— Given information —

┌──

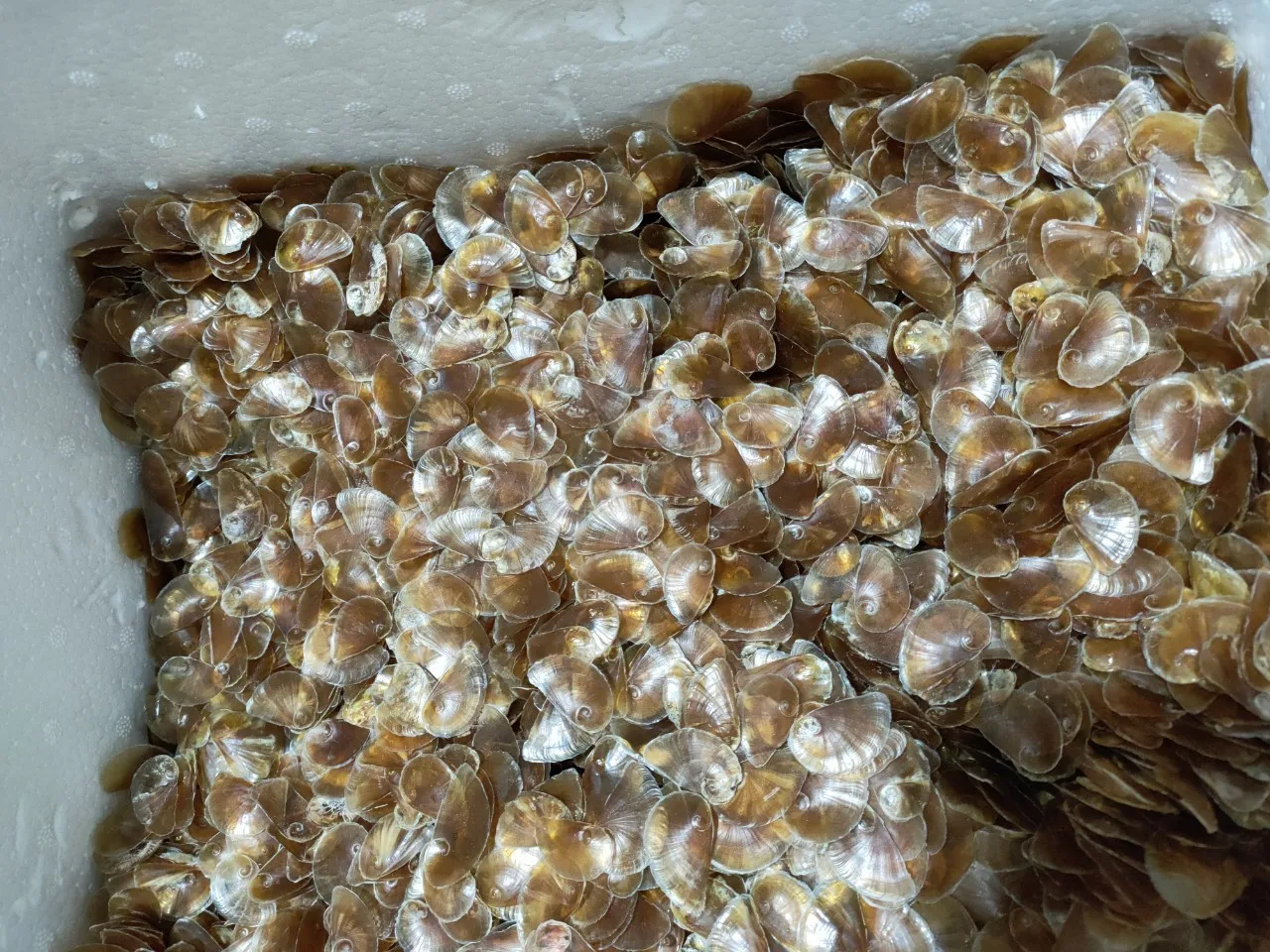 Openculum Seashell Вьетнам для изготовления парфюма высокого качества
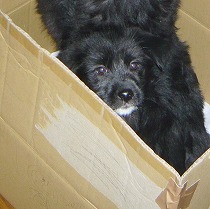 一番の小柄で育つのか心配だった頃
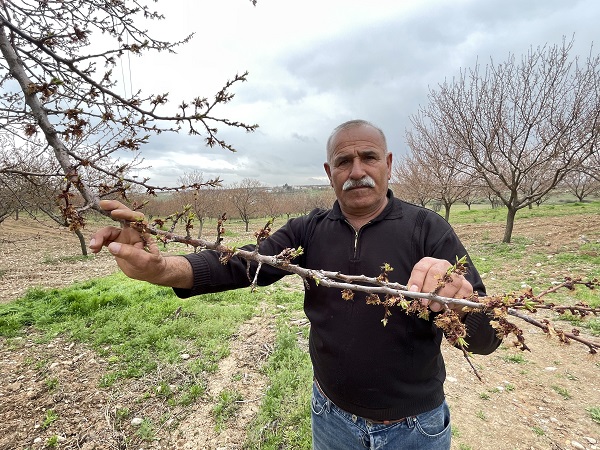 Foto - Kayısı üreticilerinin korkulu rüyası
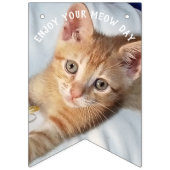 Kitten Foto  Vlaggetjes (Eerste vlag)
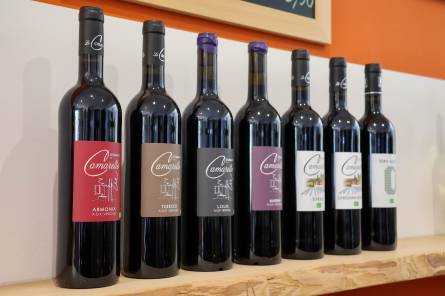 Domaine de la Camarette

└──

— Exercise aim —
Quote every record above exactly, omitting any pictures they contain.

— Answer box —
 Openculum Seashell Вьетнам для изготовления парфюма высокого качества
 一番の小柄で育つのか心配だった頃
 Foto - Kayısı üreticilerinin korkulu rüyası
 Kitten Foto  Vlaggetjes (Eerste vlag)
 Domaine de la Camarette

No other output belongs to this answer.